Technion researchers develop eco-friendly hydrogen production technology

The Technion researchers opened a start-up based on this technology called H2Pro to convert the technology to a commercial application.

Dr. Hen Dotan , Avigail Landman , Prof. Avner Rothschild and Prof. Gideon Grader (photo credit: CHEN GALILI)
Dr. Hen Dotan , Avigail Landman , Prof. Avner Rothschild and Prof. Gideon Grader
(photo credit: CHEN GALILI)
Researchers at the Technion-Israel Institute of Technology have developed an innovative, clean, inexpensive, and safe hydrogen production technology which would improve production efficiency from approximately 75% to 98.7%.
With 99% of the hydrogen being produced today originating from fossil fuels, the world is in "urgent need for cleaner and more environmentally-friendly alternatives for hydrogen production," according to the Technion spokesperson.
The production of hydrogen through extraction from natural gas is responsible for approximately 2% of all anthropogenic CO2 emissions into the atmosphere, which accelerates global warming.

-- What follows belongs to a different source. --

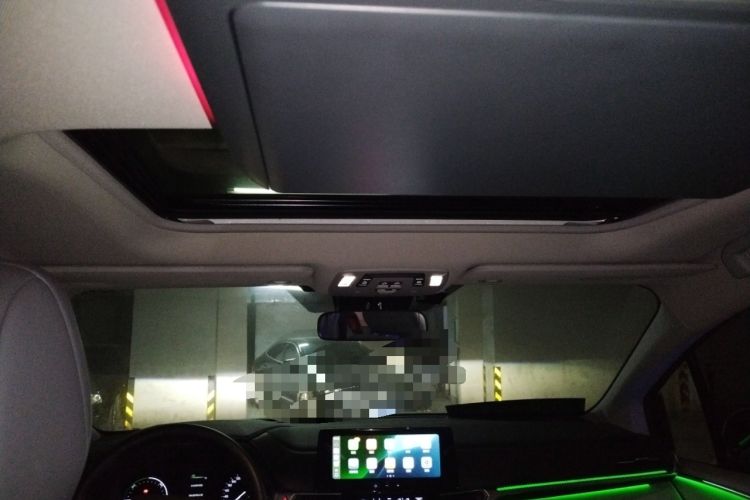 Used Toyota Granvia 2024 2.5L Hybrid Comfort Edition Headliner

The process discovered by the Technion researchers, which would allow hydrogen to be produced in a more eco-friendly manner, is as follows: The chemical makeup of the anode (the electrode where the oxidation process takes place) changes intermittently in a cyclic process. The researchers developed their process based on this.
In the first stage, the electrode where the reduction takes place, known as the cathode, produces hydrogen by reducing water molecules while the anode changes its chemical composition without producing oxygen at the same time.
Afterwards, the cathode is passive while the anode produces oxygen by oxidizing water molecules. At the end of this, the anode returns to its original state and the cycle begins again.
The process is called Electrochemical–Thermally-Activated Chemical (E-TAC) water splitting and manages to decouple the hydrogen and oxygen evolution reactions.
The Technion researchers opened a start-up based on this technology called H2Pro to convert the technology to a commercial application.
The research was conducted by the Department of Materials Science and Engineering's Professor Avner Rothschild and the Faculty of Chemical Engineering's Professor Gideon Grader.
About 53% of the hydrogen produced today is used to produce ammonia for fertilizers and other substances, 20% is used by refineries, 7% is used in methanol production and 20% serves other uses.
In the future, hydrogen is expected to serve additional applications, some of which are in accelerated stages of development: hydrogen as fuel for fuel cell electric vehicles (FCEV), fuel for storing energy from renewable energy sources for grid balancing and power-to-gas (P2G) applications, industrial and home heating, and more.